# Hi from South Australia



## StormCloud (Mar 3, 2013)

Just saying hi, as a brand new forum member.

I'm not only new to the forum, but I'm pretty new to riding, and to horses as well. My partner and I have been having riding lessons for about six months, and have just surprised ourselves by buying our first horse! He's a 10yo Clydie/Thoroughbred cross, and he's being agisted at the riding school that we're getting lessons through, which works really well for us because it ensures that Dubbin gets good care while we are still "learning the ropes" about horse ownership and care. I'm currently discovering all about just how expensive and time-consuming horse ownership can be... and loving every minute of it!
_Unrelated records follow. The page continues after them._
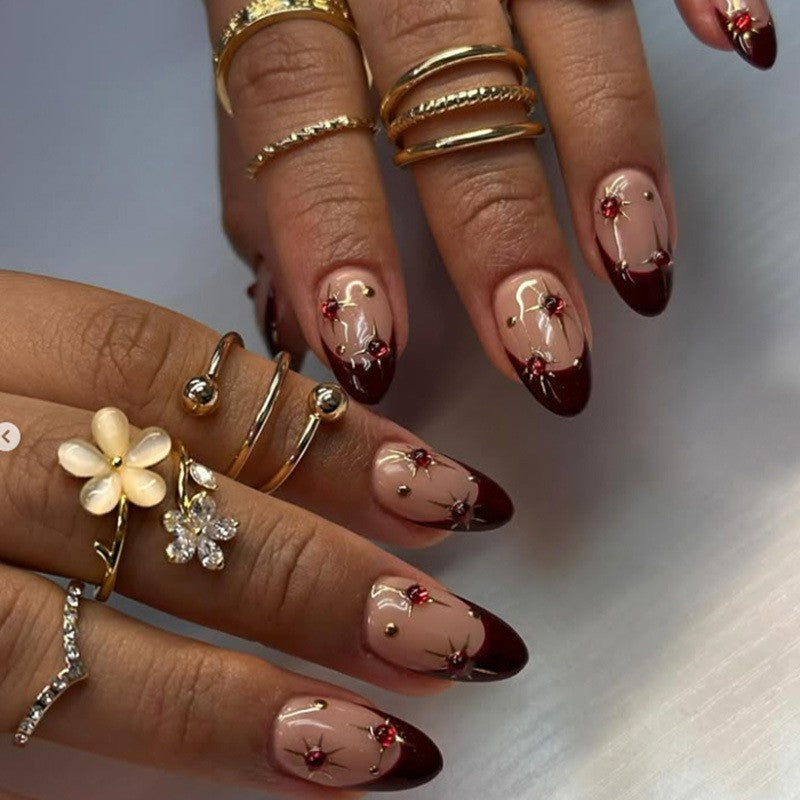 Elegantes Spitzen-Press-On-Nagelset mit dekorativen Akzenten Brehn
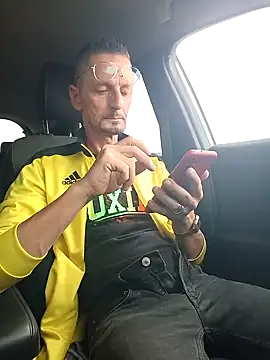 Snapshot of fabius720 chatting on October 23, 10:47 am fabius720 online show from October 23, 10:47 am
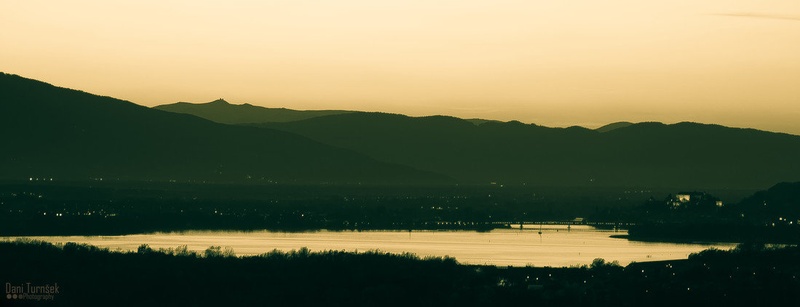Pogled na ptujsko jezero by Danijel Turnšek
So yeah, hello folks! Pleased to meet you all.


----------



## angelghost (Jun 4, 2012)

Hello  This is where the fun and hard work starts but it all pays off and is a amazing journey  Good luck with it all  

From Kent UK


----------



## Kayty (Sep 8, 2009)

Hi there,

Where abouts in SA are you? I'm in the Adelaide Hills region  

Welcome to the forum!


----------



## StormCloud (Mar 3, 2013)

Kayty said:


> Hi there,
> 
> Where abouts in SA are you? I'm in the Adelaide Hills region
> 
> Welcome to the forum!


I'm from the north-eastern suburbs of Adelaide. Hello, fellow local rider!


----------



## StormCloud (Mar 3, 2013)

angelghost said:


> Hello  This is where the fun and hard work starts but it all pays off and is a amazing journey  Good luck with it all
> 
> From Kent UK


Indeed! I've definitely had my moments of _OMG, What have I gotten myself into?_ (along with episodes of _this horse is gonna get me fit if it kills me!)_ But then I find myself astride Dubbin and trotting cheerfully around the arena, and it all comes together in a big resounding _HELLYEAH!_

(I won't mention those sore, sore muscles the next day, though...)


----------



## HorseLovinLady (Jul 18, 2011)

Welcome to the forum!! Please share some pics of your horse with us!


----------



## StormCloud (Mar 3, 2013)

HorseLovinLady said:


> Welcome to the forum!! Please share some pics of your horse with us!


Sure! Here's a coupla pics. I don't, as yet, have a lot of Awesomely Artistic Photos of Dubbin, but these should do for a start!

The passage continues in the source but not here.